- _Aim of the exercise_:
Go through the entries below and print, exactly, the lines starting at the one with "French Minimalist Zircon 4-Piece Jewelry Set" and ending at the one with "Handbag Textured Stylish", keeping both ends and no others.

BEGIN Exercise materials

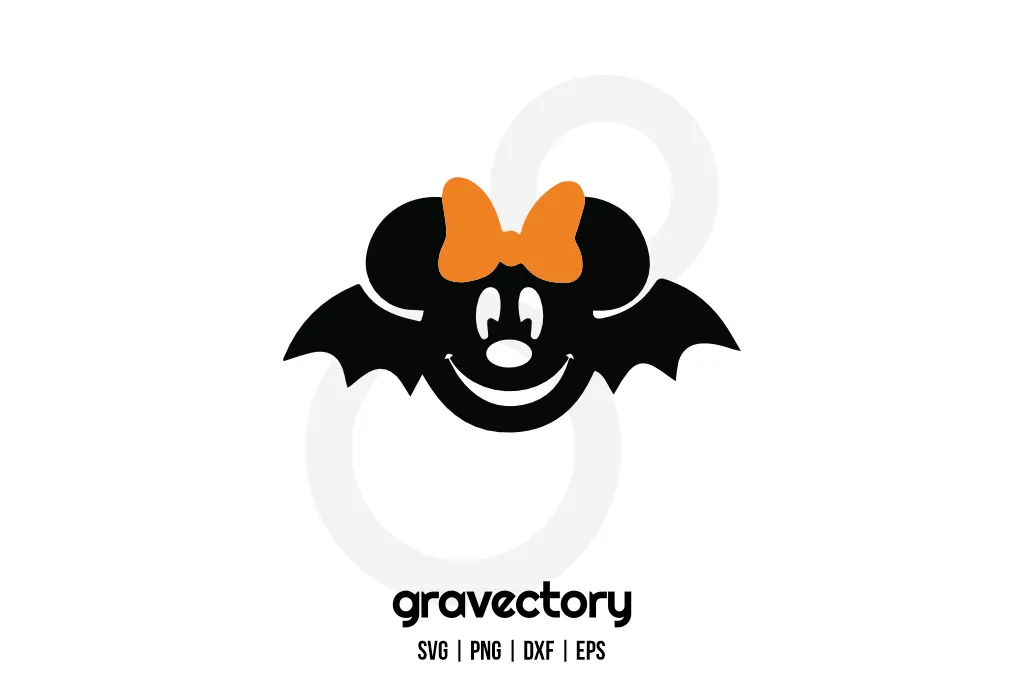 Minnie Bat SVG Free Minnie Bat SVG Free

END Exercise materials
BEGIN Exercise materials

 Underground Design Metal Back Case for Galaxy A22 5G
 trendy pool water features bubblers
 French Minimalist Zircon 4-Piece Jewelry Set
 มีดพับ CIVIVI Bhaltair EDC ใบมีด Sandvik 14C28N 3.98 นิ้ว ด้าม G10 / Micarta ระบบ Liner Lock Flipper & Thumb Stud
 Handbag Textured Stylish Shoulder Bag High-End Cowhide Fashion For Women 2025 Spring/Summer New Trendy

END Exercise materials

- _Written response_:
 French Minimalist Zircon 4-Piece Jewelry Set
 มีดพับ CIVIVI Bhaltair EDC ใบมีด Sandvik 14C28N 3.98 นิ้ว ด้าม G10 / Micarta ระบบ Liner Lock Flipper & Thumb Stud
 Handbag Textured Stylish Shoulder Bag High-End Cowhide Fashion For Women 2025 Spring/Summer New Trendy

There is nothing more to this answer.